Run the doublet removal funtion in each sample

sample1<-Dblremove(sample1)
sample2<-Dblremove(sample2)
sample3<-Dblremove(sample3)

Let’s inspect the features and cell counts after doublet removal, how many cells were remove from each sample?


dim(sample1)
dim(sample2)
dim(sample3)

Merging samples

For today, we are going to combine all three of our samples simply, and run through an analysis of all three. Later on we’ll be able to look at how similar the three samples are to each other. I usually will also run an analysis of each sample individually to make sure I understand the data, and the variability.

This creates one object that contains all three samples.


day2somules <- merge(sample1, y = c(sample2, sample3), add.cell.ids = c("sample1", "sample2", "sample3"), project = "day2somules")
day2somules

Now there are 8,347 genes detected across this experiment, and there are 4,044 cells.

Can we still tell which cells came from which sample? Let’s make sure by adding a metadata column to the combined Seurat object


day2somules@meta.data$batches <- ifelse(grepl("2_", rownames(day2somules@meta.data)), "batch2", ifelse(grepl("3_", rownames(day2somules@meta.data)), "batch3", "batch1"))

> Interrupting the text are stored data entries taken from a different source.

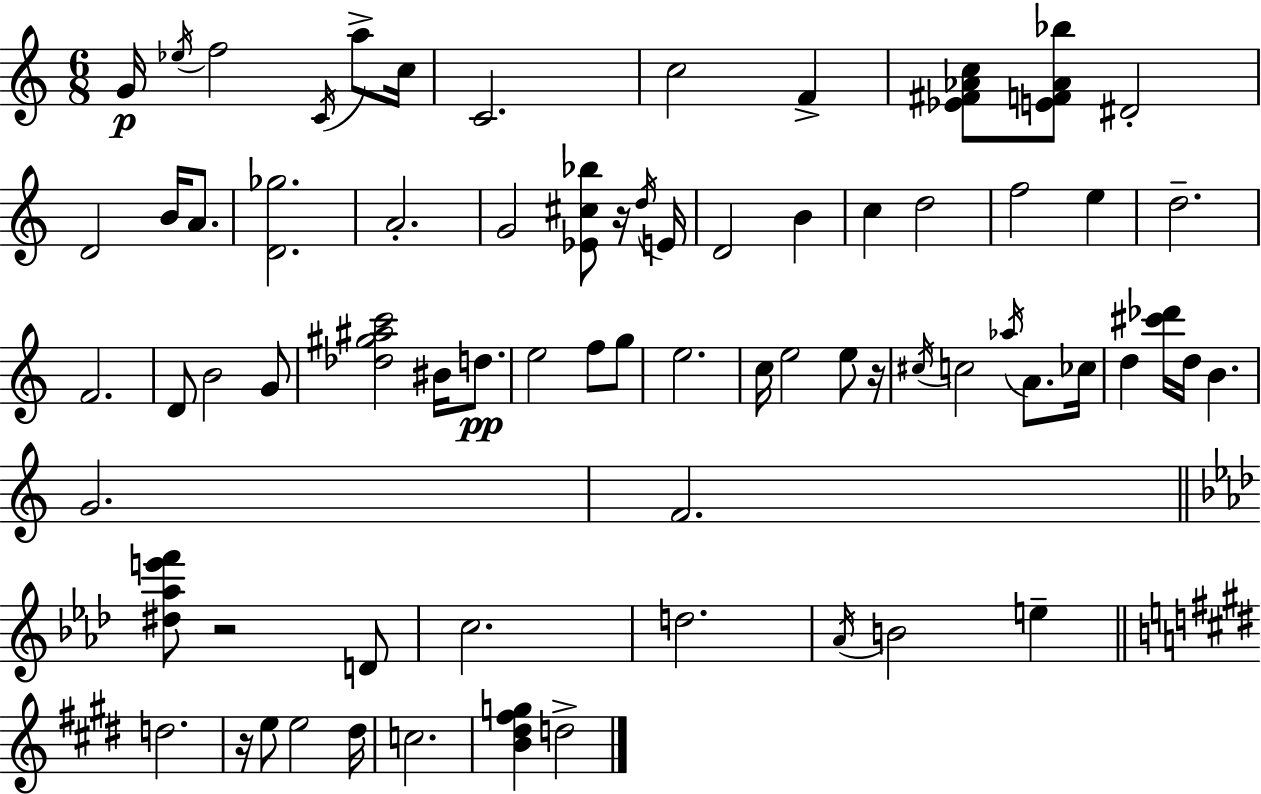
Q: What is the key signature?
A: A minor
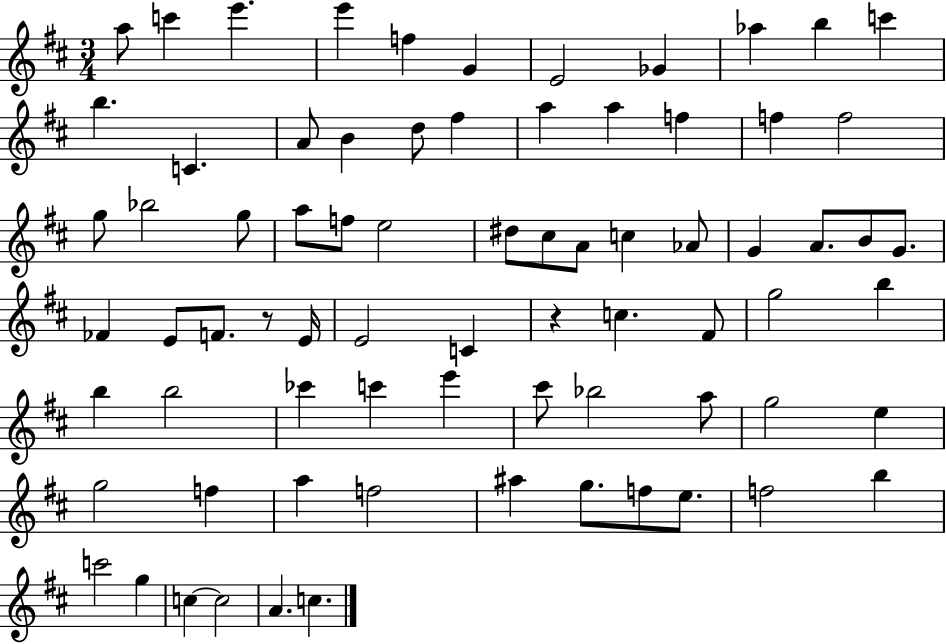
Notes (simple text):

A5/e C6/q E6/q. E6/q F5/q G4/q E4/h Gb4/q Ab5/q B5/q C6/q B5/q. C4/q. A4/e B4/q D5/e F#5/q A5/q A5/q F5/q F5/q F5/h G5/e Bb5/h G5/e A5/e F5/e E5/h D#5/e C#5/e A4/e C5/q Ab4/e G4/q A4/e. B4/e G4/e. FES4/q E4/e F4/e. R/e E4/s E4/h C4/q R/q C5/q. F#4/e G5/h B5/q B5/q B5/h CES6/q C6/q E6/q C#6/e Bb5/h A5/e G5/h E5/q G5/h F5/q A5/q F5/h A#5/q G5/e. F5/e E5/e. F5/h B5/q C6/h G5/q C5/q C5/h A4/q. C5/q.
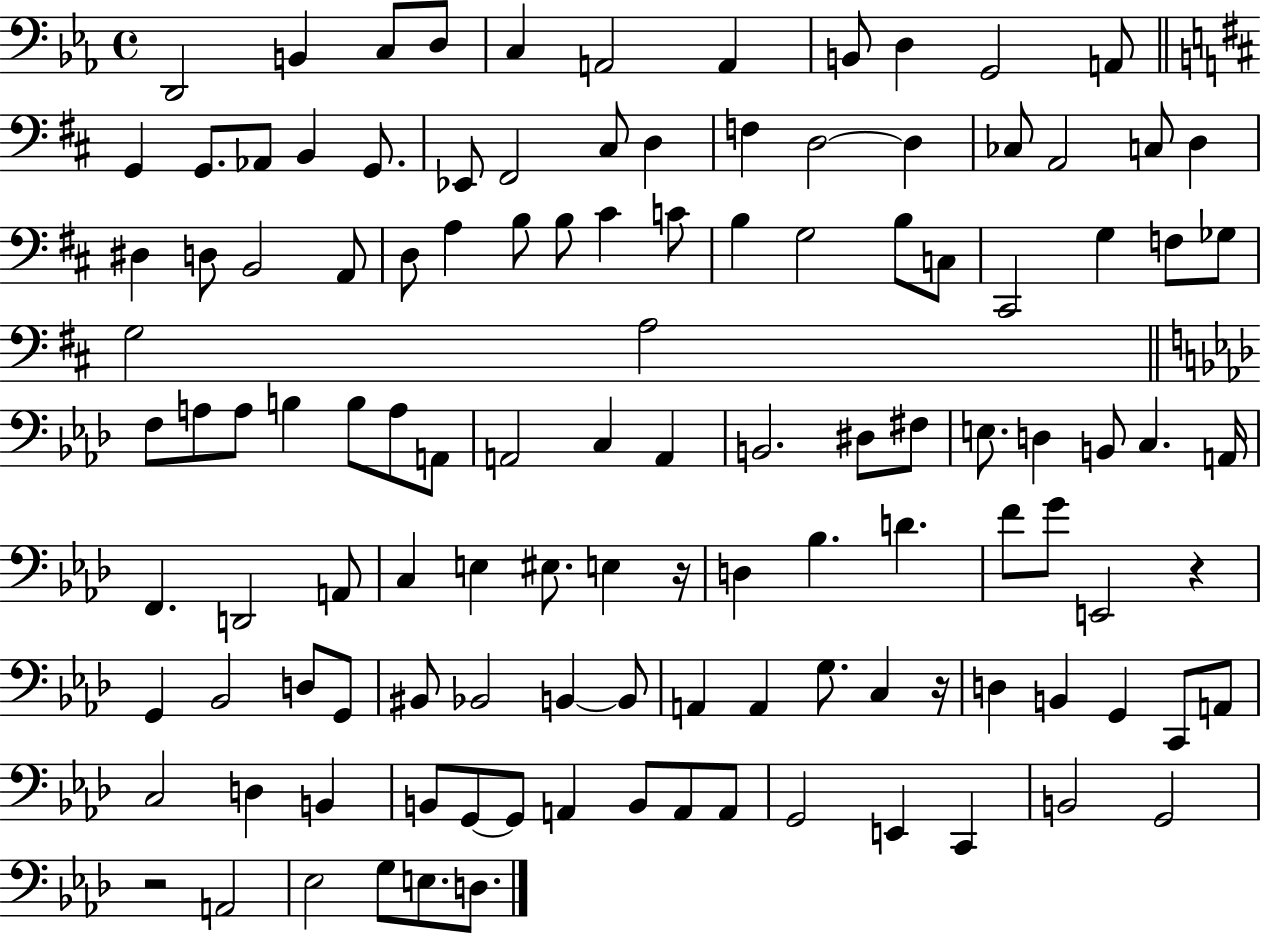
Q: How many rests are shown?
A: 4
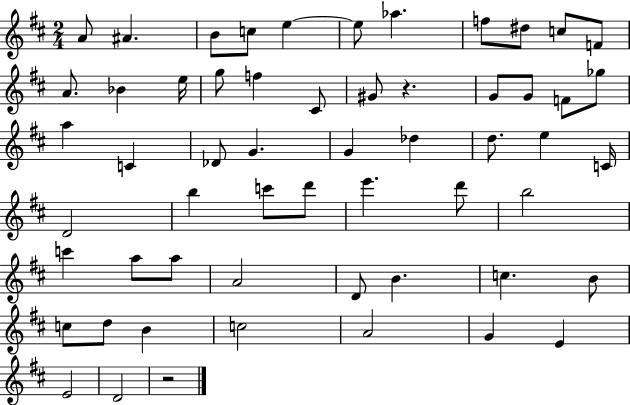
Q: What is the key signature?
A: D major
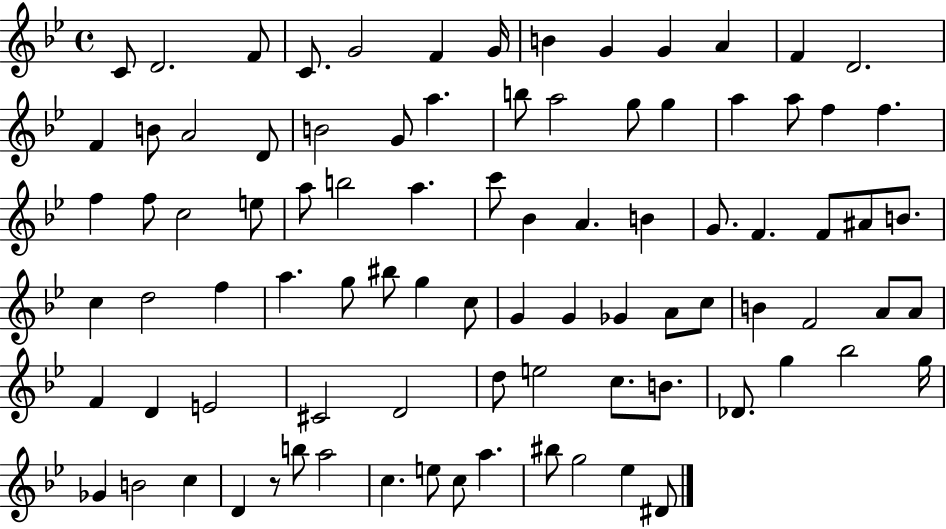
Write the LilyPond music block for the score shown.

{
  \clef treble
  \time 4/4
  \defaultTimeSignature
  \key bes \major
  \repeat volta 2 { c'8 d'2. f'8 | c'8. g'2 f'4 g'16 | b'4 g'4 g'4 a'4 | f'4 d'2. | \break f'4 b'8 a'2 d'8 | b'2 g'8 a''4. | b''8 a''2 g''8 g''4 | a''4 a''8 f''4 f''4. | \break f''4 f''8 c''2 e''8 | a''8 b''2 a''4. | c'''8 bes'4 a'4. b'4 | g'8. f'4. f'8 ais'8 b'8. | \break c''4 d''2 f''4 | a''4. g''8 bis''8 g''4 c''8 | g'4 g'4 ges'4 a'8 c''8 | b'4 f'2 a'8 a'8 | \break f'4 d'4 e'2 | cis'2 d'2 | d''8 e''2 c''8. b'8. | des'8. g''4 bes''2 g''16 | \break ges'4 b'2 c''4 | d'4 r8 b''8 a''2 | c''4. e''8 c''8 a''4. | bis''8 g''2 ees''4 dis'8 | \break } \bar "|."
}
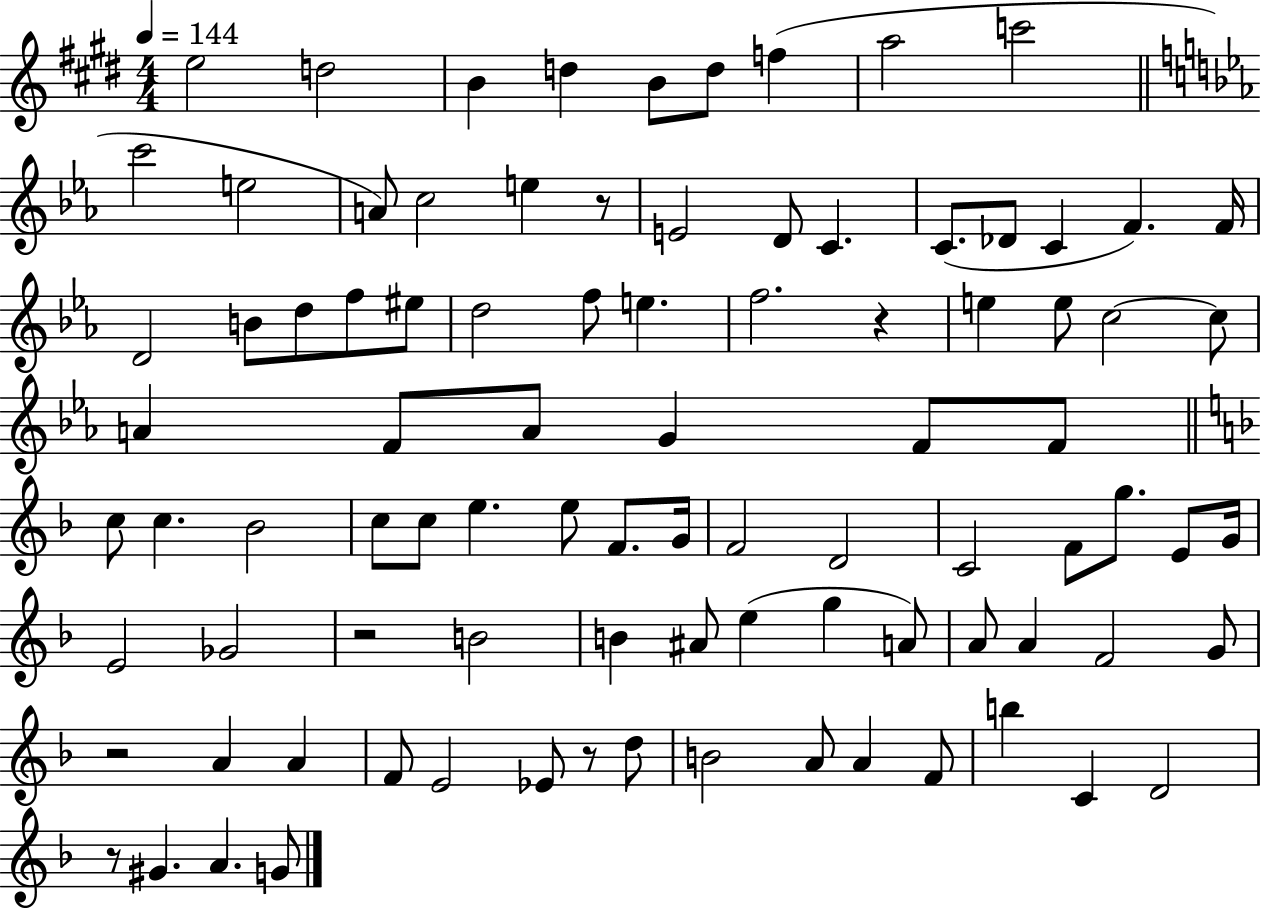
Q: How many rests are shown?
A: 6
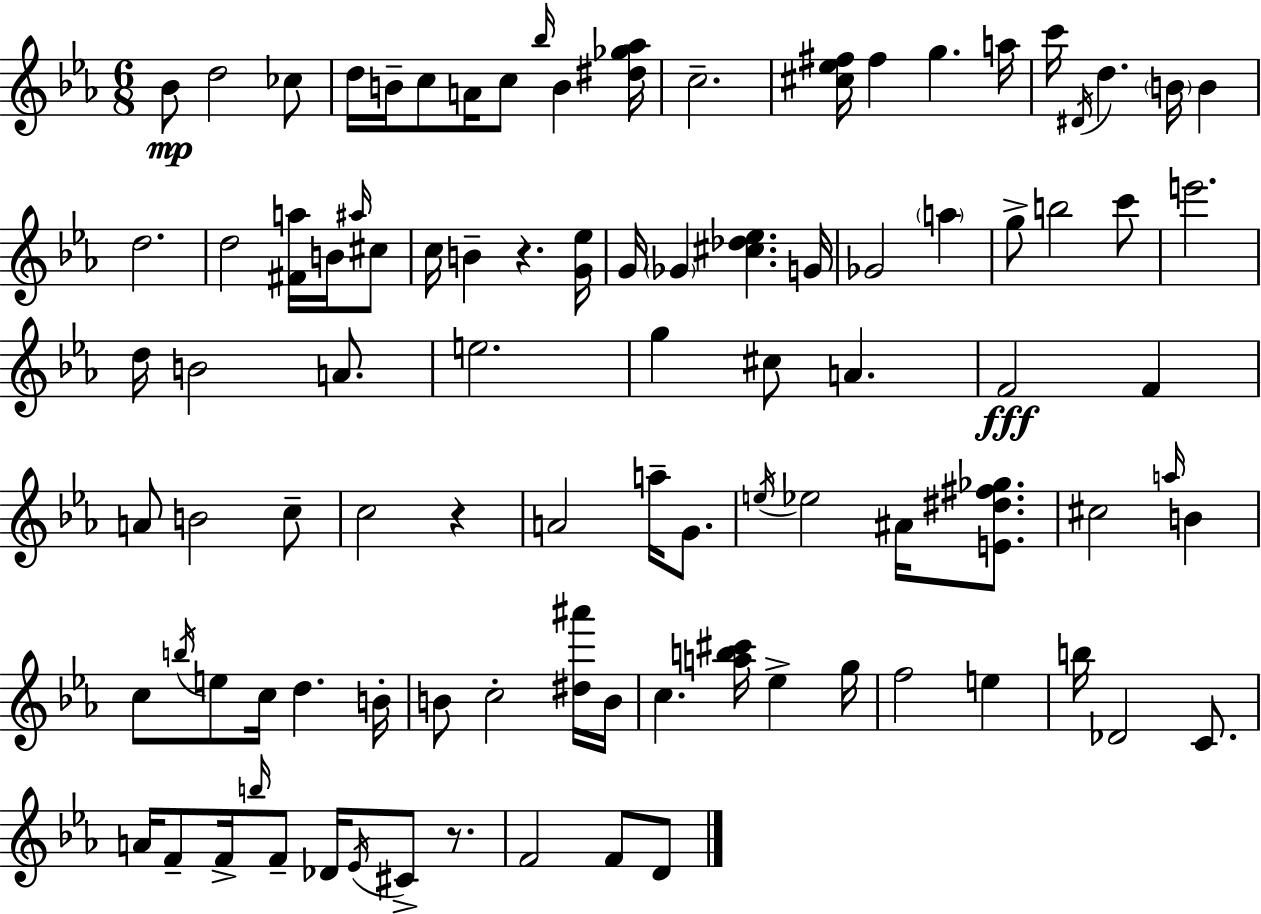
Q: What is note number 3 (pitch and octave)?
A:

How can you access the cell IDs in this object? How have these changed?


head(colnames(day2somules))

Let’s look at the metadata we’ve added


table(day2somules@meta.data$batches)

QC removal

Mito %

We commonly use % of mitochondrial transcripts to screen for dead/damaged cells - we want to exclude these kinds of cells. Thresholds of % mitochondrial reads vary, and for most non-model organisms there isn’t an established threshold - the optimal threshold will also vary between tissue types.

This code chunk will calculate the percentage of transcripts mapping to mitochondrial genes: in S.mansoni these genes start with 9.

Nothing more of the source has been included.